Four steps take you from zero to a local endpoint serving. The first two — clone and make — are already proven on this Mac. The other two depend only on disk and on pointing the client.
# 1+2 — clone and build (proven on this Mac: 5 Metal binaries, exit 0) git clone <ds4-repo> && cd ds4 && make # → ds4 ds4-server ds4-bench ds4-eval ds4-agent # 3 — download the quant that fits in 128 GB (≈ 81 GB) ./download_model.sh q2-imatrix # 4 — serve (NEVER make cpu on macOS: kernel panic; Metal is the default) ./ds4-server # OpenAI + Anthropic + Responses + completions on 127.0.0.1:8000 # 5 — plug in a client (e.g., an Anthropic-compatible call) curl -s 127.0.0.1:8000/v1/messages -d '{"model":"deepseek-v4-flash","messages":[...]}'
antirez's take is the point of the whole lesson: using a local model for the work you'd normally outsource to Claude or GPT. On the A→B axis (A = small local model, B = frontier), DS4 is "much more B than A". That's why it's worth learning the engine, and not just running a toy chat.

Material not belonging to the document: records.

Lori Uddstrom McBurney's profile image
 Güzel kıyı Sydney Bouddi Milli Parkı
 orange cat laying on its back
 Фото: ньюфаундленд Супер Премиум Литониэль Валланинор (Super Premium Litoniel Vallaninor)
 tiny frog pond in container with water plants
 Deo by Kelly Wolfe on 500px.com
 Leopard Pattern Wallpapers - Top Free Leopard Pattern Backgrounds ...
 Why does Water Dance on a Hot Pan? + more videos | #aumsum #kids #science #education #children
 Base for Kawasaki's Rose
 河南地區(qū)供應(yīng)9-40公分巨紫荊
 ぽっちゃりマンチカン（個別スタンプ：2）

The ds4-server accepts all four protocols, but it has one property that defines how you operate it: it's single-stream — one request in flight at a time. There's no request parallelism; the server processes one graph at a time and serializes the rest. In the diagram, three clients arrive, but only one crosses the worker; the others wait their turn.
Three requests arrive; the queue serializes B and C; the single graph worker processes A and returns tokens as a stream. "Single-stream" = one in flight — plan your usage (and vision) around it.
ds4-agent is alpha. Treat it as a moving frontier tool: great for serious work now, but not stable production infra yet. And the rule that can cost you the system: on macOS, never make cpu — a VM bug causes a kernel panic. Always Metal (the default).